The tighter the radius, the more likely a derailment will occur. If it is ONLY derailing in your 18R curves, that may be the culprit. 

Did you ask BLI what the min recommended radius is for that new engine?


----------



## CTValleyRR (Jul 26, 2014)

The golden rule of derailment troubleshooting: if everything derails at the same spots, think "track problem".

If only one loco derails, think "loco problem".

When you get a combination -- only one loco or one type of loco derails at the same spot every time -- think "some very tiny problem with the track that only affects this particular loco."

Since this is your longest (IIRC), it may be that the curve is too tight, so the pilot starts into the turn, then when the drivers come into the curve it forces the pilot back straight.

Check to make sure your pilot truck is able to pivot fully (no details blocking the swing, or overtight mounting screws). Also, does the wheel ride UP and over the rail, or does it pass over cleanly? If the latter, likely your track is low on one side.


----------



## MtRR75 (Nov 27, 2013)

CTValleyRR said:


> Check to make sure your pilot truck is able to pivot fully (no details blocking the swing, or overtight mounting screws). Also, does the wheel ride UP and over the rail, or does it pass over cleanly? If the latter, likely your track is low on one side.


In addition to checking the left-right swing on the front truck, make sure that the mounting screw is loose enough that the truck can tilt slightly from side to side to allow for uneven tracks.

Also, check the spacing between the wheels with an NMRA gauge to make sure that the wheels exactly the correct distance from each other.

Another idea -- move the train very slowly just up to the spot where it is about to begin to derail, but has not done so, yet. Take a toothpick and gently nudge the truck sideway from both sides -- to see how much the truck shifts sideways. If the truck is loose, then either the wheels are two narrow, or track is too wide (also can be checked with NMRA gauge). If the truck is tightly bound between the two rails, then either the wheels are too wide or the track is too narrow.

One more idea -- uncommon, but it happened to me. Turn the loco upside down, and gently push the truck sideways back and forth and look for something that might be causing the truck to hang up and not swing freely. In my case (different loco from yours), the spring that pushed the truck down onto the tracks was catching on a burr at the edge of a recessed screw hole.


----------



## Bkubiak (Oct 20, 2013)

MtRR75 said:


> In addition to checking the left-right swing on the front truck, make sure that the mounting screw is loose enough that the truck can tilt slightly from side to side to allow for uneven tracks.
> 
> Also, check the spacing between the wheels with an NMRA gauge to make sure that the wheels exactly the correct distance from each other.
> 
> ...


Here is the track, it derails at the electric connection


----------



## Old_Hobo (Feb 20, 2014)

Duplicate post


----------



## Old_Hobo (Feb 20, 2014)

Clearly that outside rail is not smooth at that joint.....the inside is questionable too......at least from those photo angles....


----------



## DonR (Oct 18, 2012)

There are two things that caught my eye about the joint.

1. The solder INSIDE the rails.
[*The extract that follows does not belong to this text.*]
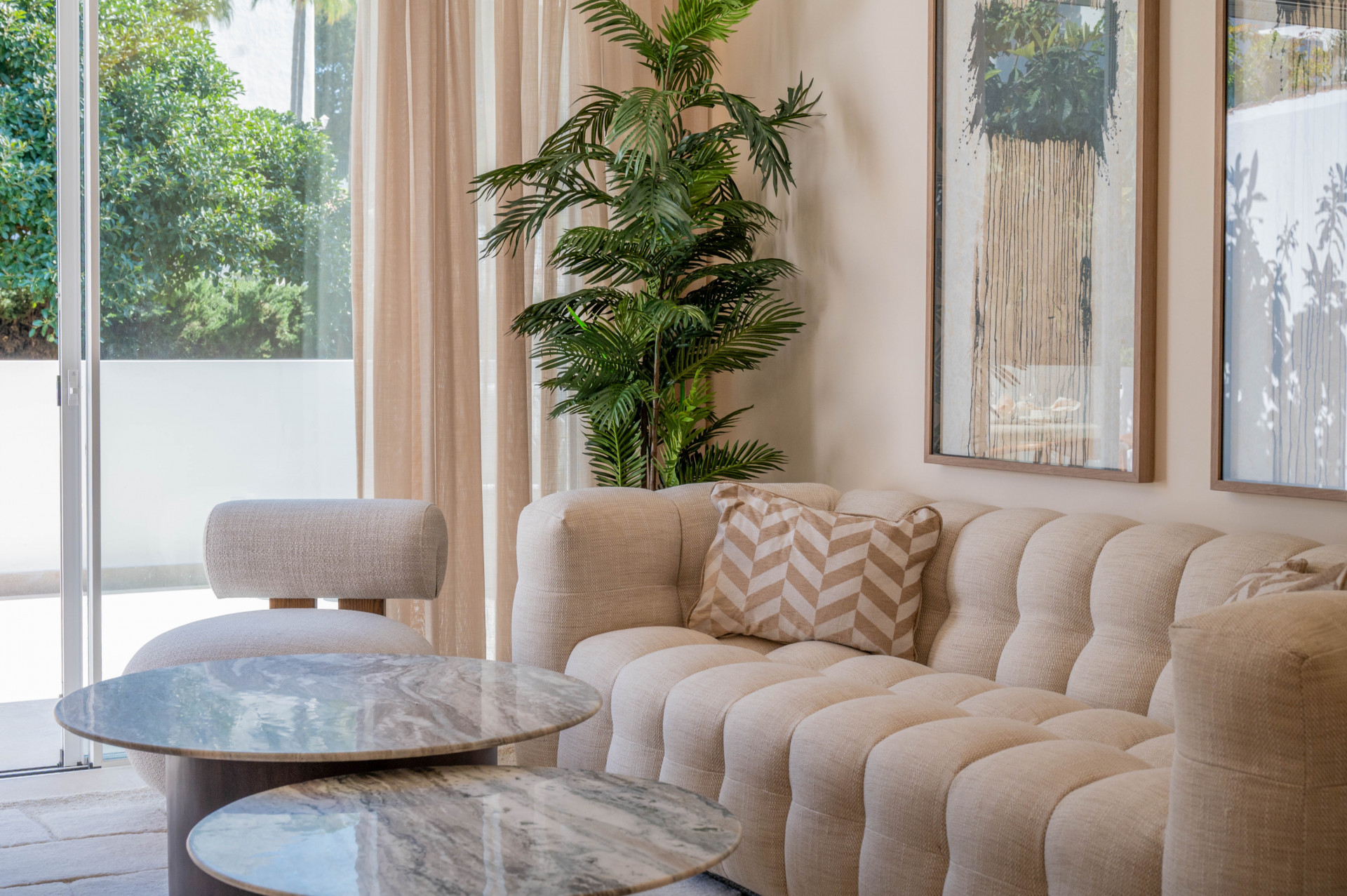 Apartment in Marbella, photo 6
It is possible the wheel
flanges are riding up on it.
2. There is an ever so tiny kink at the joint. (although it
is much better than a couple of mine). One rail seems
to have a very slight lateral offset where it joins.

Hypersensitive wheels trip on these kinds of things and those
that lead truck would go into that category in my opinion.
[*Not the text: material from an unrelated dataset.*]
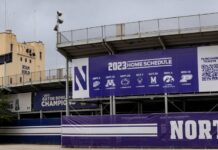 Former Northwestern University Athletes Allege ‘Toxic Culture’ Of Hazing In The Athletic Department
I know it's not a happy thing to consider, but I would move
the solder to the outside of the rails. Pin the track in
several places either side of the joint so it stays correct when you resolder.
That will help you can take away that tiny kink.

Then if you are successful with these fixes you can come fix
mine.

Don


----------



## Bkubiak (Oct 20, 2013)

CTValleyRR said:


> The golden rule of derailment troubleshooting: if everything derails at the same spots, think "track problem".
> 
> If only one loco derails, think "loco problem".
> 
> ...


Here is the loco approaching the derail spot


----------



## DonR (Oct 18, 2012)

The loco coupler is riding outside of the outer rail.
There is extreme deflection by the loco main frame
as related to the lead truck.

In my opinion, that puts extra pressure on the truck wheel
flanges. When they get to the joint with the inside
solder and that ever so slight kink they can't hold
the track.

Since the lead truck wheels stay with the curve until they get to
the joint, the indication to me is that the the joint itself is
causing the derail. Redo it with the solder removed from
the inside of the rails and iron out that tiny kink and
that beautiful loco will be a happy fella.

Don


----------



## dave2744 (Dec 18, 2014)

Bkubiak - Old Hobo is correct, unless it is an optical illusion of the photo. It appears the radius of the curved section is not matching up to the transition to the straight (tangent) section. I've heard of this being called "cheating on the the curve" in order to make the trackwork fit. I am positive your loco is reacting to this as a "too sharp a radius, thus the derail. Take another piece of section radius, and lay over the joint in question. I think you will see the problem right away. Dave K.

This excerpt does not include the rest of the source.